Нам кажется, что основная ошибка была сделана Энгельгардтом в начале пути при определении «идеологического романа» Достоевского. Идея как предмет изображения занимает громадное место в творчестве Достоевского, но все же не она героиня его романов. Его героем был человек, и изображал он в конце концов не идею в человеке, а, говоря его собственными словами, «человека в человеке». Идея же была для него или пробным камнем для испытания человека в человеке, или формой его обнаружения, или, наконец, – и это главное – тем «медиумом», тою средою, в которой раскрывается человеческое сознание в своей глубочайшей сущности. Энгельгардт недооценивает глубокий персонализм Достоевского. «Идей в себе» в платоновском смысле или «идеального бытия» в смысле феноменологов Достоевский не знает, не созерцает, не изображает.
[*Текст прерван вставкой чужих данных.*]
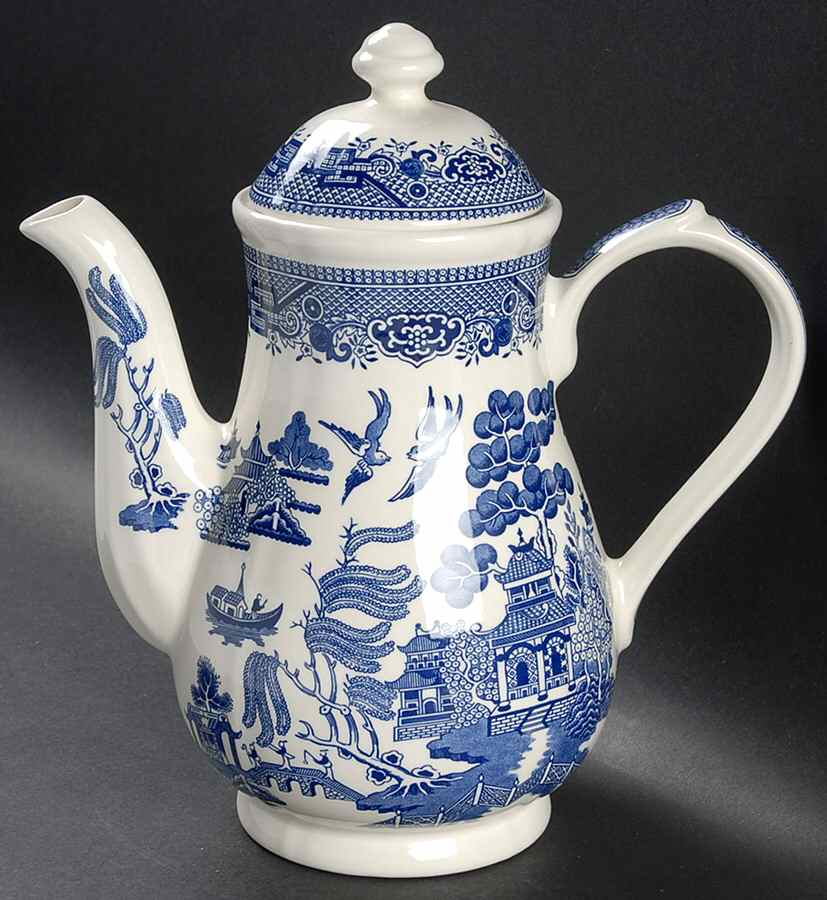 Willow Blue (Georgian Shape) Coffee Pot & Lid by Churchill-1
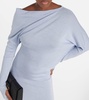 One-shoulder cashmere and silk midi dress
Для Достоевского не существует идей, мыслей, положений, которые были бы ничьими – были бы «в себе». И «истину в себе» он представляет в духе христианской идеологии, как воплощенную в Христе, то есть представляет ее как личность, вступающую во взаимоотношения с другими личностями.
Поэтому не жизнь идеи в одиноком сознании и не взаимоотношения идей, а взаимодействие сознаний в сфере идей (но не только идей) изображал Достоевский. Так как сознание в мире Достоевского дано не на пути своего становления и роста, то есть не исторически, а рядом с другими сознаниями, то оно и не может сосредоточиться на себе и на своей идее, на ее имманентном логическом развитии и втягивается во взаимодействие с другими сознаниями. Сознание у Достоевского никогда не довлеет себе, но находится в напряженном отношении к другому сознанию. Каждое переживание, каждая мысль героя внутренне диалогичны, полемически окрашены, полны противоборства или, наоборот, открыты чужому наитию, во всяком случае не сосредоточены просто на своем предмете, но сопровождаются вечной оглядкой на другого человека. Можно сказать, что Достоевский в художественной форме дает как бы социологию сознаний, правда, лишь в плоскости сосуществования. Но, несмотря на это, Достоевский как художник подымается до объективного ви́дения жизни сознаний и форм их живого сосуществования и потому дает ценный материал для социолога.
Каждая мысль героев Достоевского («человека из подполья», Раскольникова, Ивана и других) с самого начала ощущает себя репликой незавершенного диалога. Такая мысль не стремится к закругленному и завершенному системно-монологическому целому. Она напряженно живет на границах с чужою мыслью, с чужим сознанием. Она по-особому событийна и неотделима от человека.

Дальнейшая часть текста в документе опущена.